## Task to complete:
For the records below, copy exactly the span that begins at the line containing "Modern Apartment in" and stops after the line containing "Unisex Animal Shirt, Tee", minus any pictures.

## Stored data:
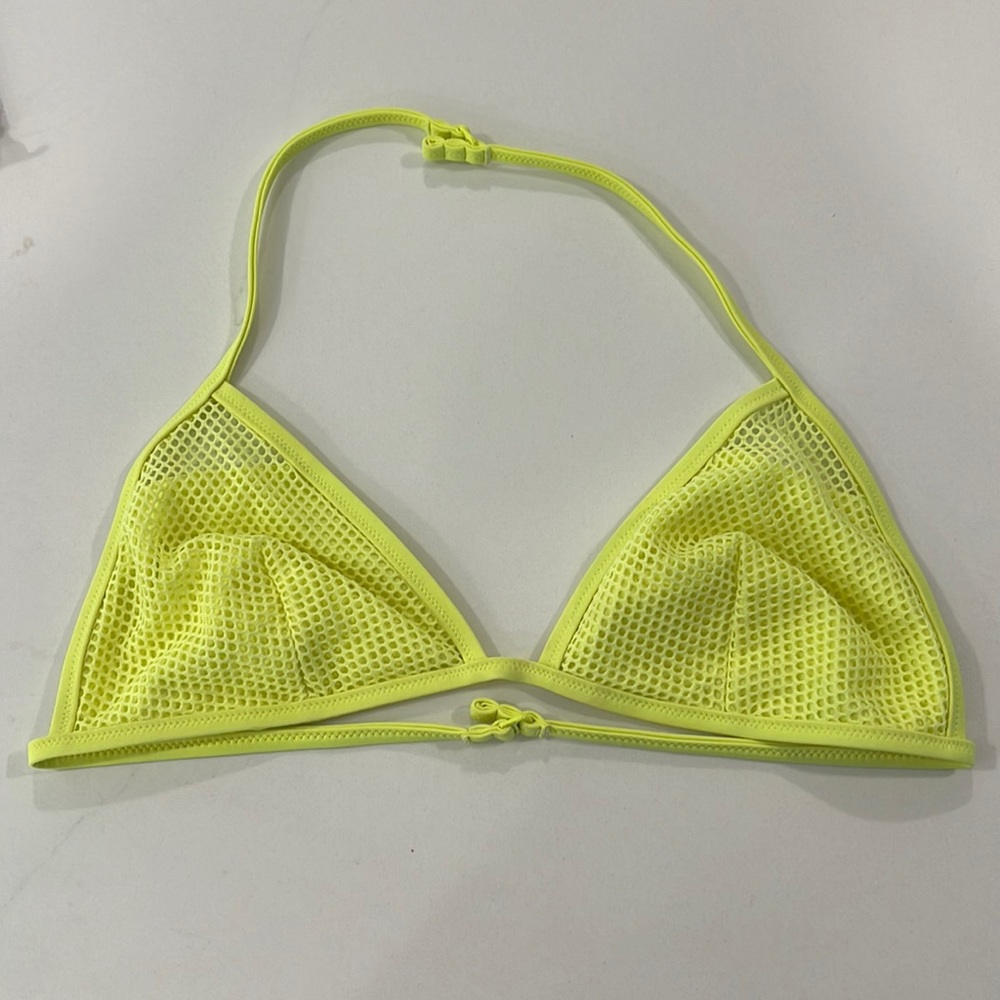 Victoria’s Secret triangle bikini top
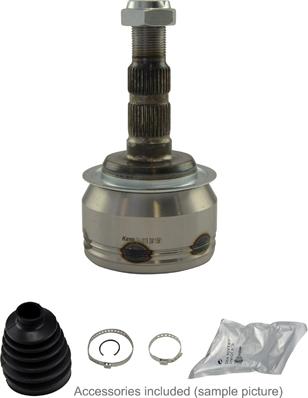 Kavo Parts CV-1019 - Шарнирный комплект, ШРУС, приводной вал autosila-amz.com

---

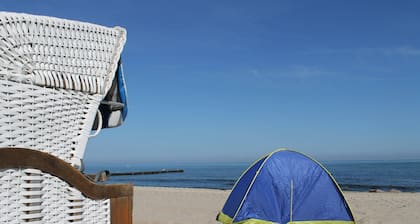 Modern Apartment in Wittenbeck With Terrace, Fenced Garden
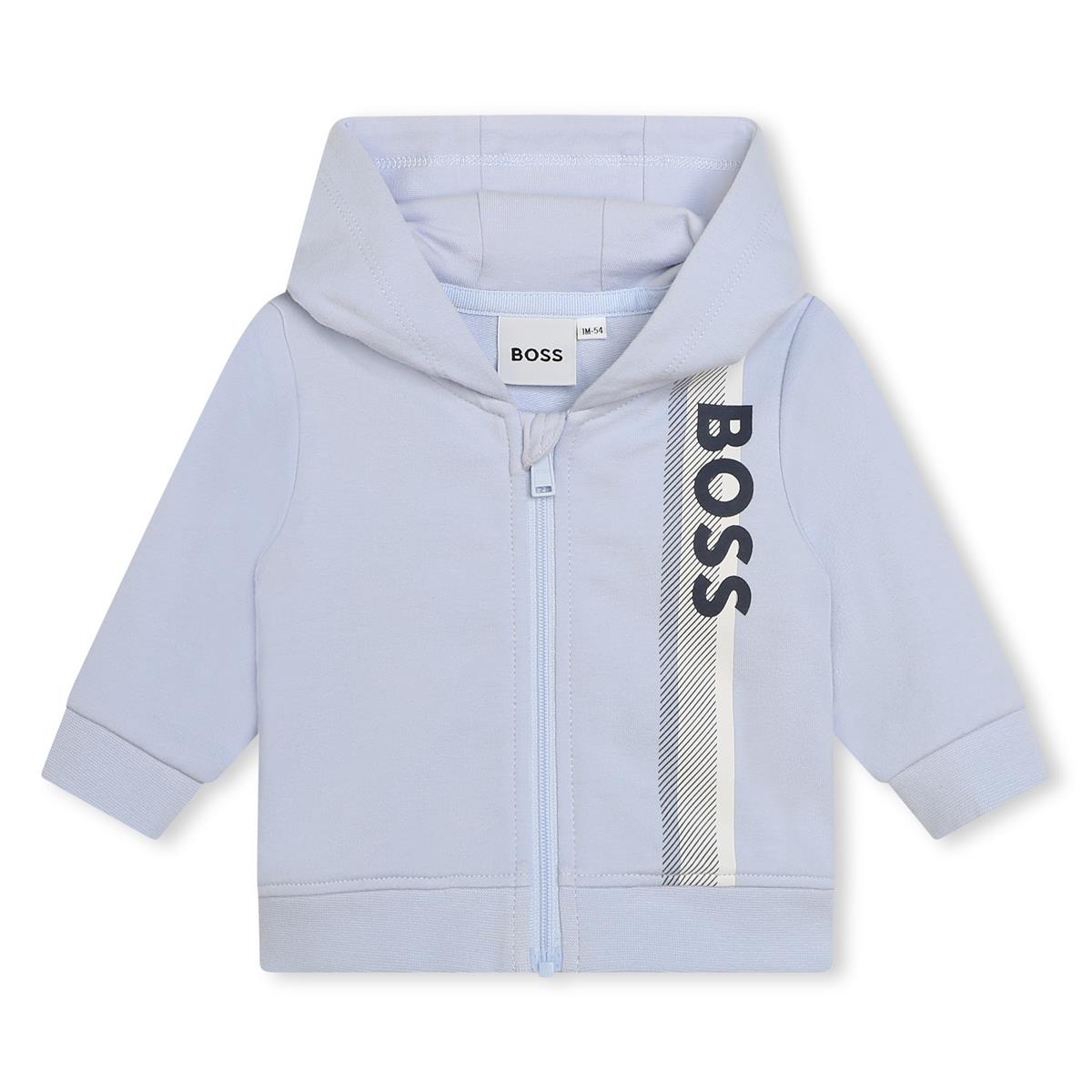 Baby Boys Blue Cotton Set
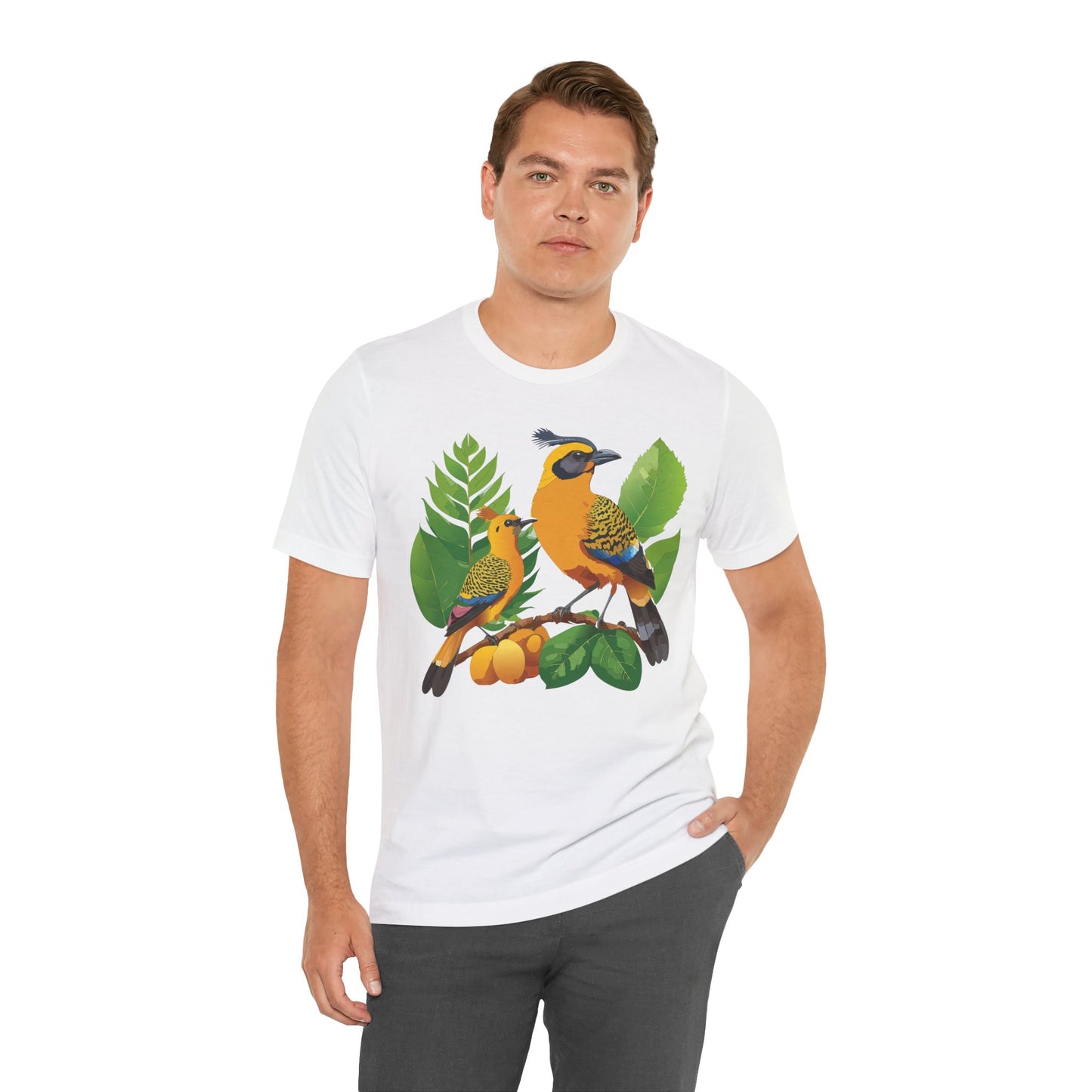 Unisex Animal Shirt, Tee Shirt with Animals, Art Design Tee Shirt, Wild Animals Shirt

==

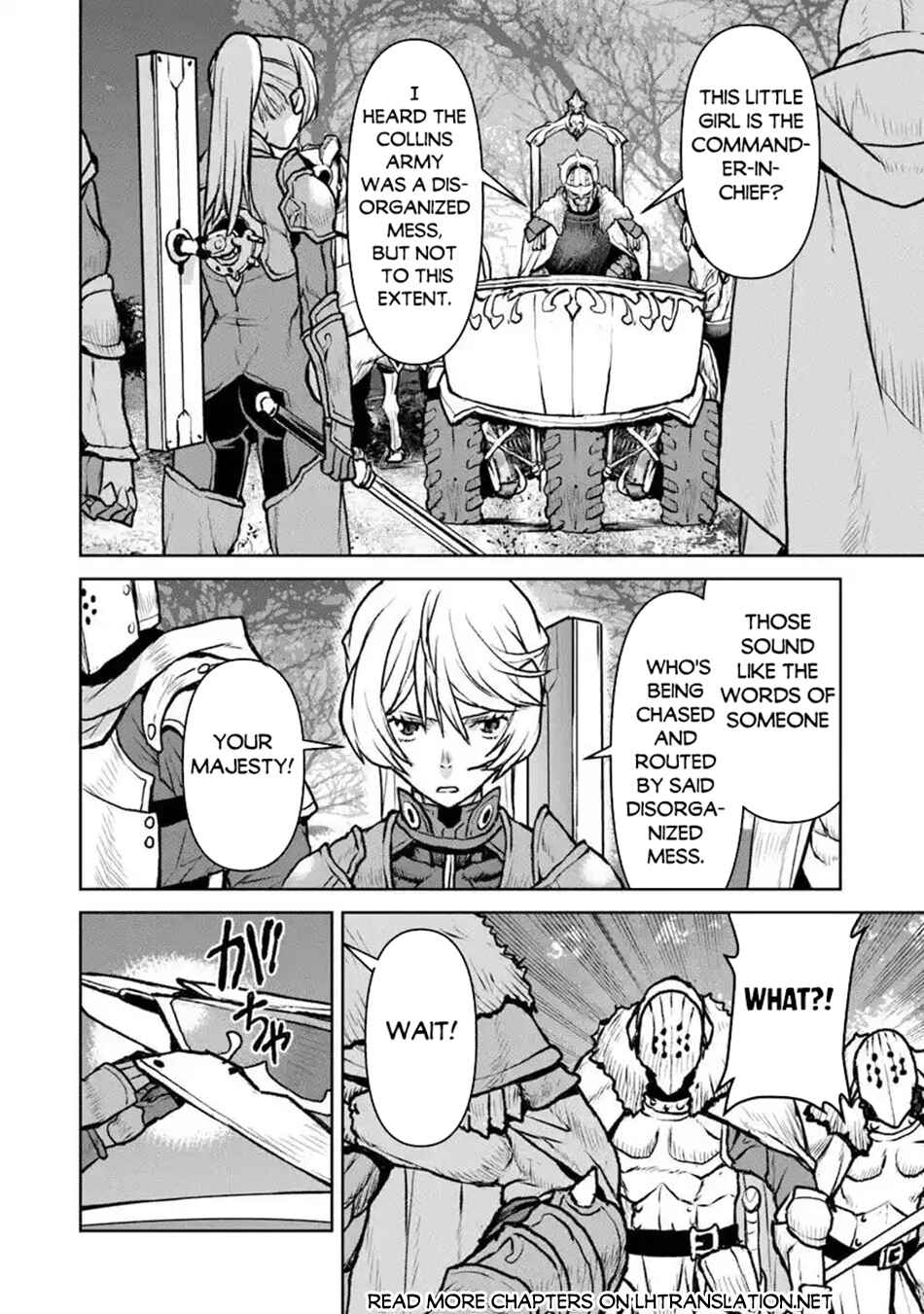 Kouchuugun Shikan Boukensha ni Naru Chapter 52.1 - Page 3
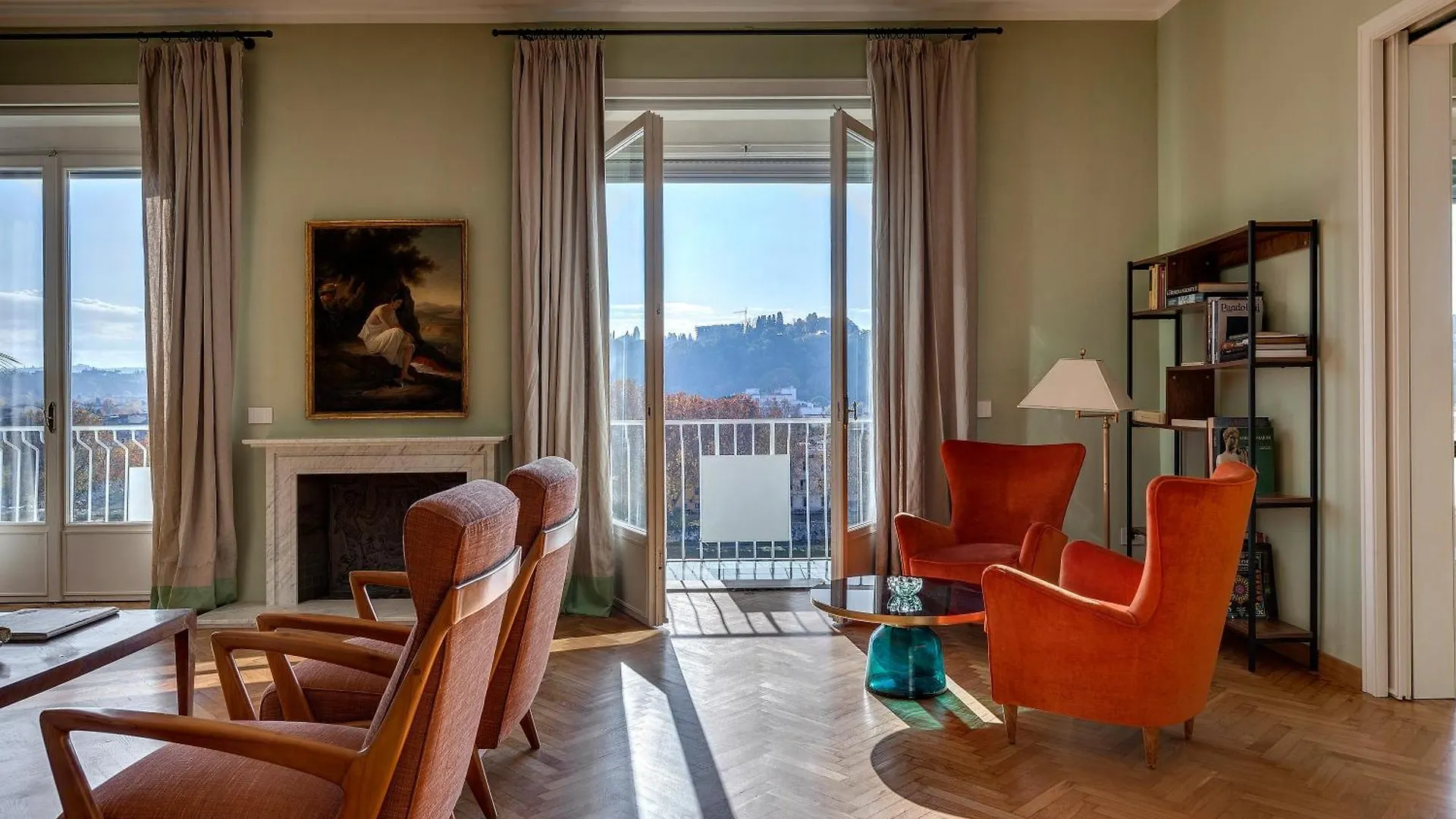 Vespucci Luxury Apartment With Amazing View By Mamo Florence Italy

## Expected answer:
 Modern Apartment in Wittenbeck With Terrace, Fenced Garden
 Baby Boys Blue Cotton Set
 Unisex Animal Shirt, Tee Shirt with Animals, Art Design Tee Shirt, Wild Animals Shirt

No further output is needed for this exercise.